Coincidentally – or perhaps not – I have found myself more motivated about my life than ever. My physical exercise has become accelerated and more consistent, my diet is being decidedly more managed by me, and my work output has never been more productive. I have always been of the mind-set that death is a reminder to live, but never has that idea been as visceral an impetus for motivation then since this echo chamber of relevant deaths began reverberating with the first passing approximate three months ago.
Individuals often become paranoid and fearful when the tail wind of mortality hits their psyche as death briskly cruises by, yet statistically, countless deaths are occurring every minute of every day.

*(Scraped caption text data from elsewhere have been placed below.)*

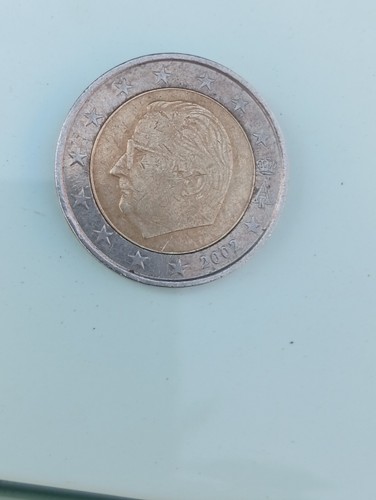 Moneta euro rara - da,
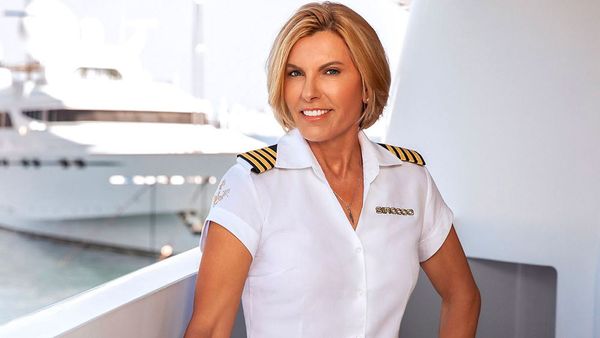EDGE Interview: On Season 8 'Below Deck Med's' Captain Sandy Yawn Navigates Stormy Waters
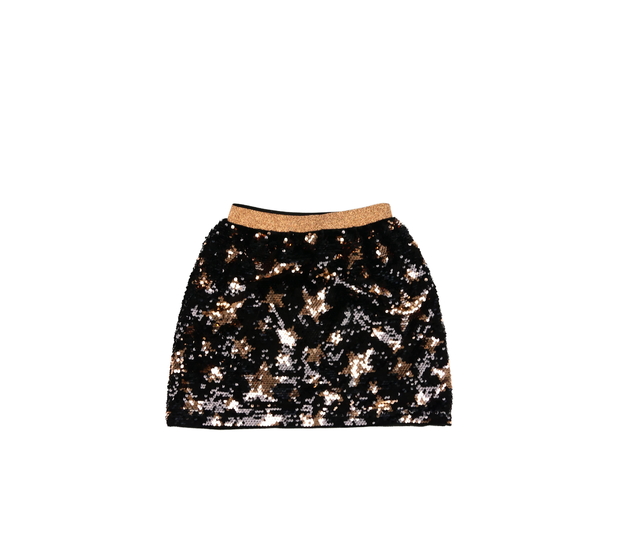 Flitrovaná sukně s hvězdami George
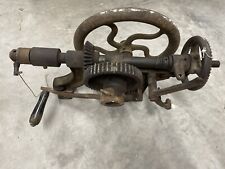 Rare Antique Champion Blower and Forge Co. No. 90 Drill Lancaster PA USA picture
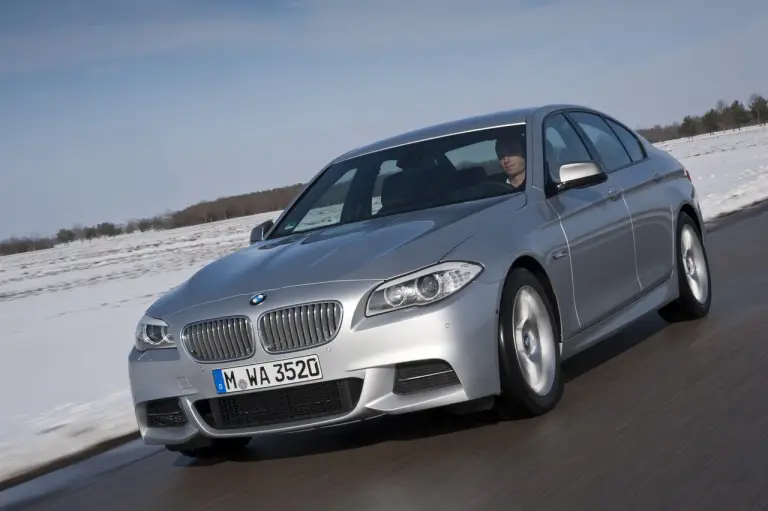 BMW M550d xDrive - 2012 - 15
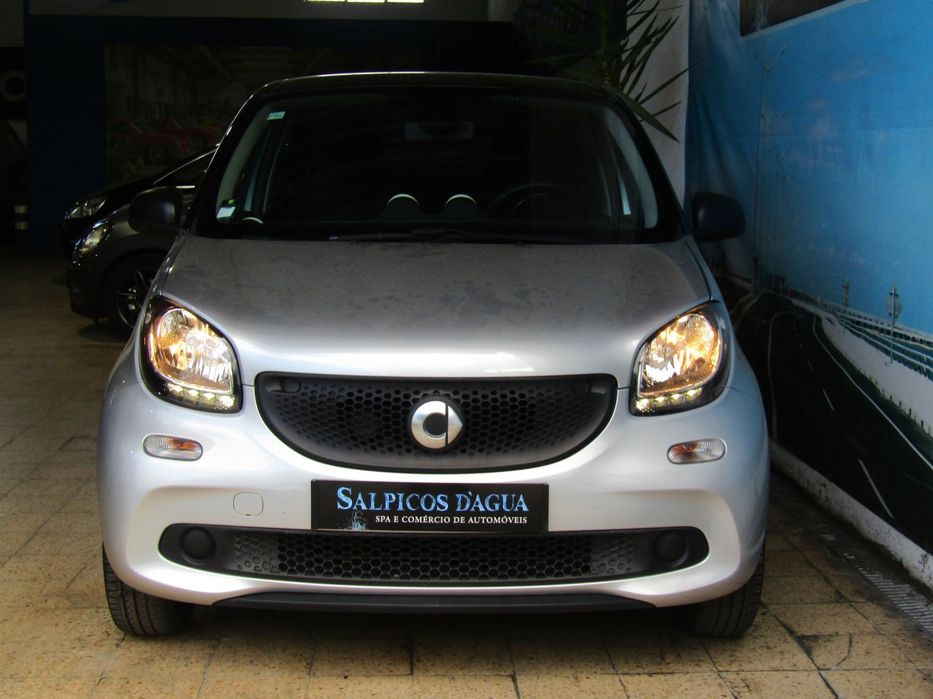 Smart ForFour 1.0 71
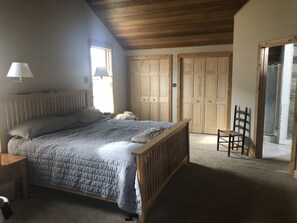 4 habitaciones y wifi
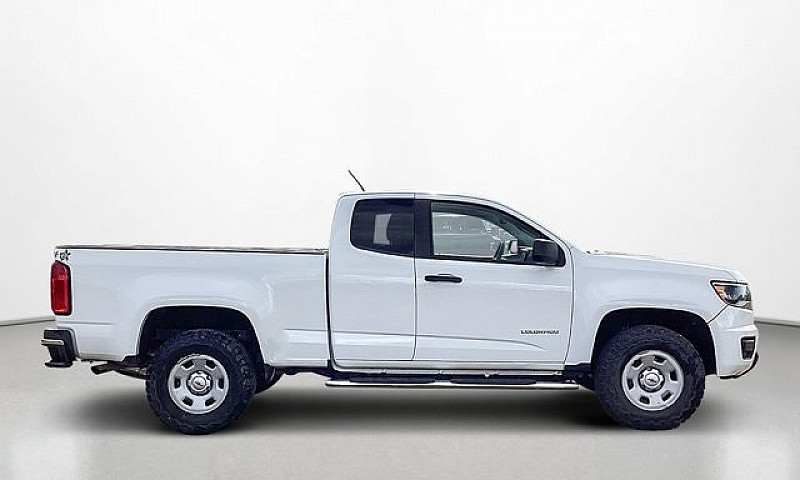 2018 Chevrolet Color...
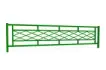 Газонное ограждение ОГ-4 (2000х400 мм)_result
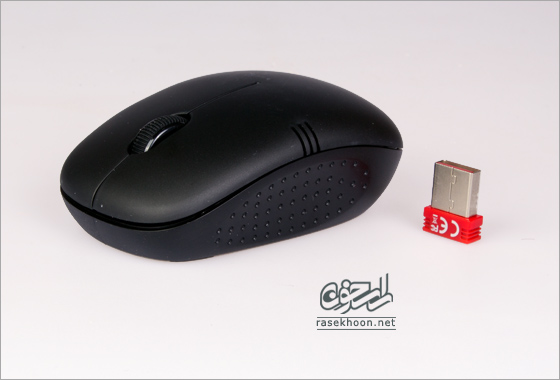 موس وایرلسA4TECH 550 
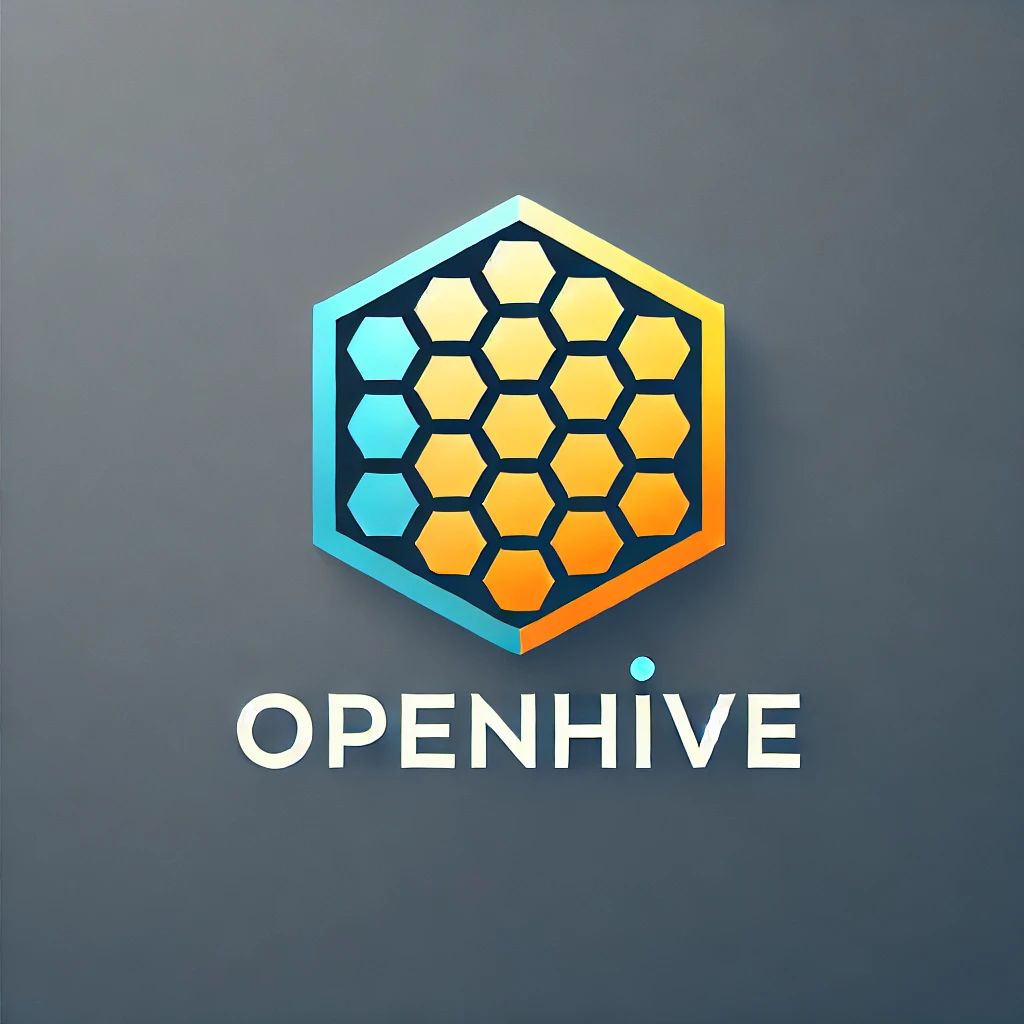 OpenHive Logo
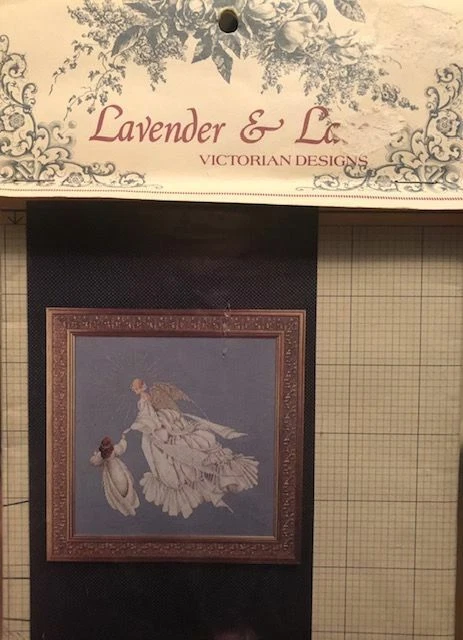 Angel of Mercy- Lavender & Lace - Sealed with Minor Package Wear - Image 1 of 1
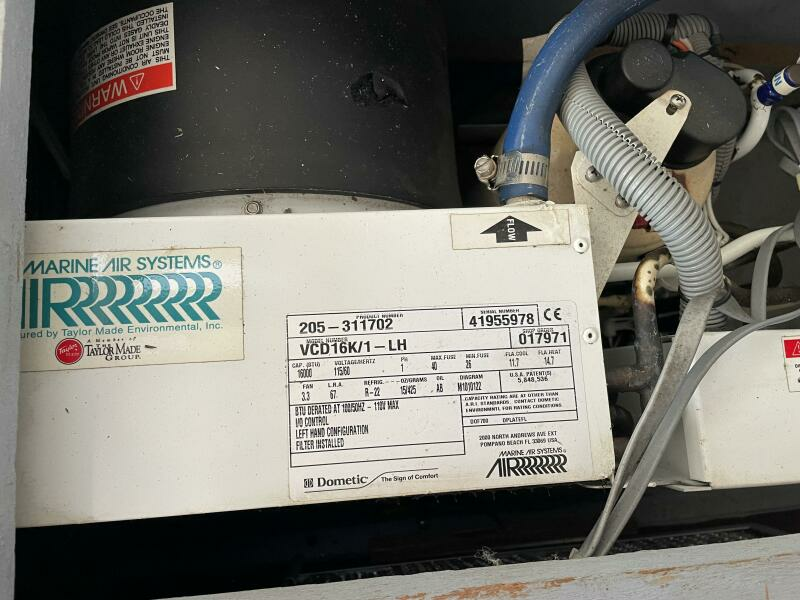 1988 Mainship Mediterranean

What death ‘should’ (a word I rarely use) awaken is a sense of urgency to seize the day. All the clichés that death elicits, “tomorrow’s not promised,” “live each day as if it were your last,” usually become momentary reflections rather than catalysts that shake us out of our take-for-granted stupor.
Death should be a reminder that perhaps our zest for living has atrophied; our personal mojo has been in an undisturbed state of hibernation. No longer just “mull the idea of” taking those rock-climbing, cooking or swimming lessons but make the call dammit to start the ball rolling! Or maybe death should remind us of the little treasures that enrich life, such as saying, “I love you” to a cherished one for no particular reason, smiling at someone regardless of whether you sense it will be reciprocated, or, yes, that cliché of all clichés, “stopping to smell the flowers.”
I recently had lunch with a dear friend who met me at my office during my own hyper-sensitivity to living that death has afforded me, and she stopped in mid-stride as we were briskly heading towards the car to smell a beautiful white rose from a rose bush adorning the building property. I, somewhat impatiently was waiting for her to “get on with it” so that we could continue to the car, and remember thinking as she bent to smell a flower, “yeah, I already know how beautiful they are and marvel at them frequently when approaching the building.” This was indeed true, however, I never actually stop to smell them. My friend then remarked that you have to smell one that is in fresh bloom to appreciate their aromatic gift as her head darted like a humming bird with an olfactory determination to confirm her point.
About a week later as I was approaching my office building I actually stopped to “sneak” a sniff of one of those white roses my friend reviewed and you know what? She was right, you have to smell a flower in its burgeoning state of bloom to receive an aromatic hit of… life.
Blogger Note: This blog posting dedicated in memory of Andrew L., Barbara H., Alice B., Josh A.